Problem to work on:
From first line to last, print the records exactly, but leave out the pictures.

Captioned web image data:
────────────────

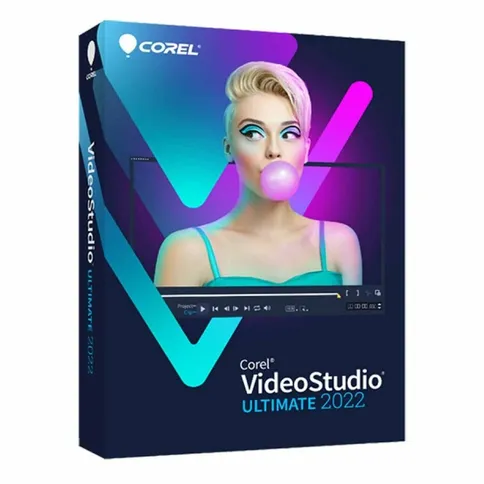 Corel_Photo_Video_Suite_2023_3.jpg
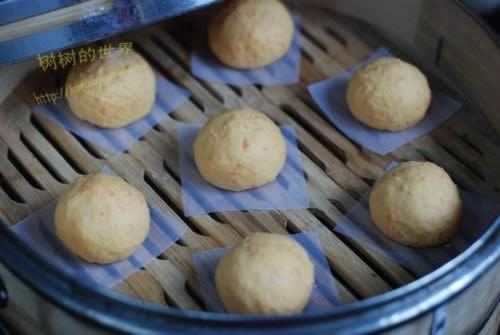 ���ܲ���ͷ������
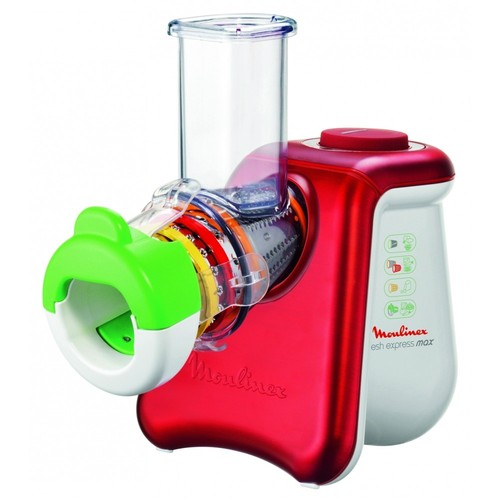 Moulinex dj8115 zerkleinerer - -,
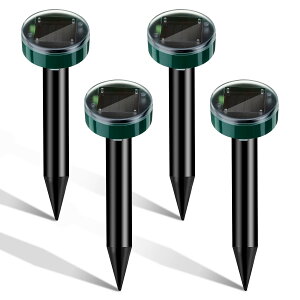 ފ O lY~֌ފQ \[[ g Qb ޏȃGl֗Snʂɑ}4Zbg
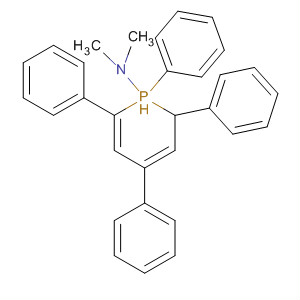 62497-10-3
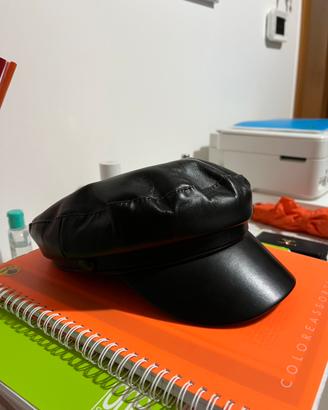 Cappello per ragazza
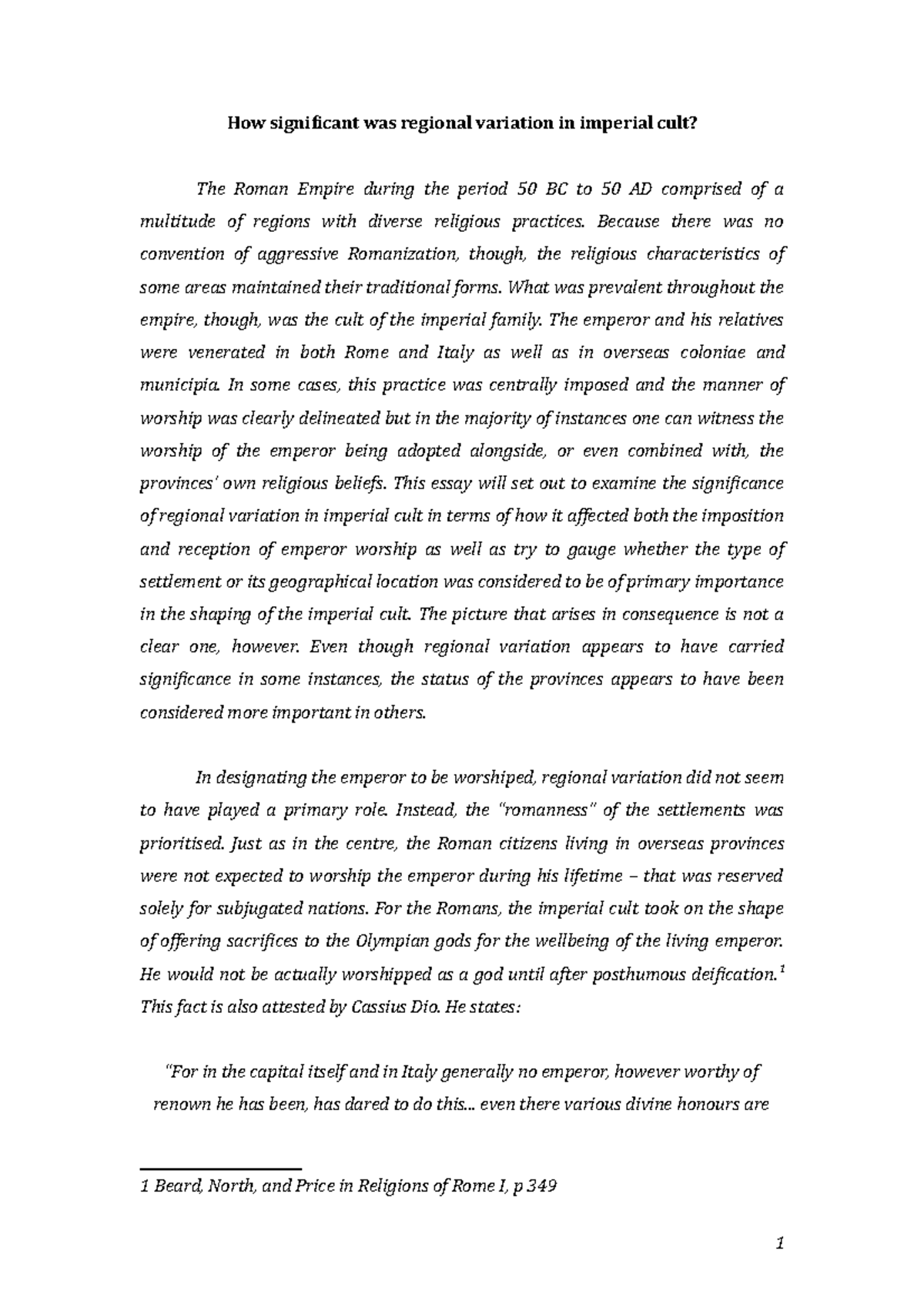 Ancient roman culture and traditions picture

────────────────

Written solution:
 Corel_Photo_Video_Suite_2023_3.jpg
 ���ܲ���ͷ������
 Moulinex dj8115 zerkleinerer - -,
 ފ O lY~֌ފQ \[[ g Qb ޏȃGl֗Snʂɑ}4Zbg
 62497-10-3
 Cappello per ragazza
 Ancient roman culture and traditions picture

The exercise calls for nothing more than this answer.